Buying from China, the world's top gold consumer, ahead of next week's Lunar New Year holiday, also supported the metal, said Brian Lan, managing director at Singapore-based gold dealer GoldSilver Central.
"There's not a lot of alternatives for China at the moment and funds are now moving to invest in gold," said Lan who sees gold sustaining its strength through the first quarter.
Spot gold was flat at $1,128.12 an ounce by 0216 GMT, not far below Tuesday's peak of $1,130.30, its strongest since Nov. 3.
Among the best performing assets so far this year, gold has gained more than 6 percent after losing 10.4 percent in 2015.
U.S. gold for April delivery was up 0.2 percent at $1,128.90 an ounce.
There may be enough momentum for bullion to rise above $1,160 and test the $1,200 mark, said Lan. Gold last reached $1,200 in June last year.

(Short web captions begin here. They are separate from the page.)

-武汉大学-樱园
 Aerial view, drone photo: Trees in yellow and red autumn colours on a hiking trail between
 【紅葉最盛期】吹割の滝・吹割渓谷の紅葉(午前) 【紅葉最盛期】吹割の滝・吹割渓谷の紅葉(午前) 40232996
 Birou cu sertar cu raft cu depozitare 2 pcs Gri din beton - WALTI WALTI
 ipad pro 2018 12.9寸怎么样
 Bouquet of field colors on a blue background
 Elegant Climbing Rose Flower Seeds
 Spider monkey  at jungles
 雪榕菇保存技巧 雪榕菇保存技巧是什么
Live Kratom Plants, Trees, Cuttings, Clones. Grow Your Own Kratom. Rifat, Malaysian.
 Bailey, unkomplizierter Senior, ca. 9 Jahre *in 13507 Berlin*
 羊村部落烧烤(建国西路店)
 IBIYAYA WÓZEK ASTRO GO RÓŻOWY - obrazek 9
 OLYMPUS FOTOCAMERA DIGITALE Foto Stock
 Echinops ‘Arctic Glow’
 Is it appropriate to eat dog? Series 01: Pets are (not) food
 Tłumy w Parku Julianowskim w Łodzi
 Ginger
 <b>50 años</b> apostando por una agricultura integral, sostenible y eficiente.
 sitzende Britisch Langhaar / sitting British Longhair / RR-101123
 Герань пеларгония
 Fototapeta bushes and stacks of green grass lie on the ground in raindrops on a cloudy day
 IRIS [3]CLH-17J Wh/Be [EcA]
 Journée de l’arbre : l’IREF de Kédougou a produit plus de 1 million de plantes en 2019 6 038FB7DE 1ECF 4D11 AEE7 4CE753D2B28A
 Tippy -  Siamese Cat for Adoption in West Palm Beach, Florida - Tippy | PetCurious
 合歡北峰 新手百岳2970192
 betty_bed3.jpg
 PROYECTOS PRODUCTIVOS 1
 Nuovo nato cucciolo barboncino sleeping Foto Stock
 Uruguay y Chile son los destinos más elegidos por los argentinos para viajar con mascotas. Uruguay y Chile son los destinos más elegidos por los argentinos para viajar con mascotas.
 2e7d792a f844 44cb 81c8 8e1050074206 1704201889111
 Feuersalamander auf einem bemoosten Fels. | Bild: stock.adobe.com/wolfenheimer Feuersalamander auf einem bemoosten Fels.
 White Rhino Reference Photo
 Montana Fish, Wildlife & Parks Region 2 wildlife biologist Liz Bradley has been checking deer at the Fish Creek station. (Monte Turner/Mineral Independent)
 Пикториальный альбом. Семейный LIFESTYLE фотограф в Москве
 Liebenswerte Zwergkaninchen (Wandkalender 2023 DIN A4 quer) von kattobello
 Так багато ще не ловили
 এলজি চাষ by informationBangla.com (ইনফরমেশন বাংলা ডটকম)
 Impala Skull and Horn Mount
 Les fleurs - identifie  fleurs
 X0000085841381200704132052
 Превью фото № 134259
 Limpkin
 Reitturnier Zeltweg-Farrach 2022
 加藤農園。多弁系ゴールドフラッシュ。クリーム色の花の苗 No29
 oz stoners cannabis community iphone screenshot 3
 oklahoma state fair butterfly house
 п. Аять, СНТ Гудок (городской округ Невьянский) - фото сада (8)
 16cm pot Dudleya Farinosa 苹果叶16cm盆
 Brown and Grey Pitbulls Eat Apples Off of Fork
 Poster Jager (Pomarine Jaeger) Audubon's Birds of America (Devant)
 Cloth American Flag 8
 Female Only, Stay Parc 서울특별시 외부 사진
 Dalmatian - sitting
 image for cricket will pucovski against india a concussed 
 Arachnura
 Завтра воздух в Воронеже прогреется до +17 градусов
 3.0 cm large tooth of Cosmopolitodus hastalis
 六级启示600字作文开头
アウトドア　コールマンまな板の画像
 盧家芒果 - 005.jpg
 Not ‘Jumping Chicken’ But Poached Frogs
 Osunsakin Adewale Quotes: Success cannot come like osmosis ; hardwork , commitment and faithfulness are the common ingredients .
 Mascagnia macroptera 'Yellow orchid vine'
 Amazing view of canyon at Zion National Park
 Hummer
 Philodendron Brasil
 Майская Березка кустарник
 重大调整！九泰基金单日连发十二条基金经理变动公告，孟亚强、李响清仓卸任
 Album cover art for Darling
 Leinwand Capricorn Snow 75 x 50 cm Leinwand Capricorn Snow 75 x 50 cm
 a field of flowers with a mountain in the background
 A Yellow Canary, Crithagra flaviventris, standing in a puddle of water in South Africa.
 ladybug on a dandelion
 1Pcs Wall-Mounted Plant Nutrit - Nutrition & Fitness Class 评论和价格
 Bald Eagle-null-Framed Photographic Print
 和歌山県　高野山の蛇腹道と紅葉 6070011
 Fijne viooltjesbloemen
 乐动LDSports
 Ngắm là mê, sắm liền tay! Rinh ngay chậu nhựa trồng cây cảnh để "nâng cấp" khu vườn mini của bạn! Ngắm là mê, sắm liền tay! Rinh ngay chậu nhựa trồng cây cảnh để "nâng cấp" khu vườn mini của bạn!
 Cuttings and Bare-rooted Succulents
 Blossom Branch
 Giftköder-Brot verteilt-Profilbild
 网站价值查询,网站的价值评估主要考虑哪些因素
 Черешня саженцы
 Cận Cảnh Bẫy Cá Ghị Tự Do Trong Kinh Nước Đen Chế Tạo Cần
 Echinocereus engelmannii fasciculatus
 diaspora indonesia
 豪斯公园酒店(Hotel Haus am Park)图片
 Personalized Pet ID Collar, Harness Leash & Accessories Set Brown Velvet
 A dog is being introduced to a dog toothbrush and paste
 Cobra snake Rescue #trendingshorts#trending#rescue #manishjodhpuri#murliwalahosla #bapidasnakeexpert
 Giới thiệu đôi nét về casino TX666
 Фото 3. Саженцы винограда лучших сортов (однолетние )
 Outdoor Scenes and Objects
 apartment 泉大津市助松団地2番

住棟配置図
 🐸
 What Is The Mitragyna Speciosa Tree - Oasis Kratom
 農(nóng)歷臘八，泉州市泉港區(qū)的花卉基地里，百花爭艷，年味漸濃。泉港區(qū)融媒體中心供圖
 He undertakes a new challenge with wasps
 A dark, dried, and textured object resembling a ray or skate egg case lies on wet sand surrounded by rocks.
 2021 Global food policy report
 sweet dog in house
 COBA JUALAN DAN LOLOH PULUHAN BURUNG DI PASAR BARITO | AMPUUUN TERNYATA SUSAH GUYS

"A weaker U.S. dollar, lower oil and fragile equity markets are in combination good for gold. We remain bullish as the economic trends do not argue for lower bullion in our view," HSBC analyst James Steel wrote to clients.
Oil stayed near multi-year lows on Wednesday and Asian stocks dropped again as worries over a slowing global economy kept investors away from risky assets.
Global interest rates are likely to go even lower before they rise as financial market volatility and the spectre of deflation raise fresh doubts about central banks' ability to fulfil their mandates, policymakers and economists said.
That should be supportive for gold, an asset that thrives on uncertainty.
Expectations that the Federal Reserve may also go easy on raising interest rates amid the global economic headwinds had helped gold rise the most in a year in January.
Spot silver was flat at $14.30 an ounce and so was palladium at $489.31. Platinum gained 0.7 percent to $856.05 per ounce.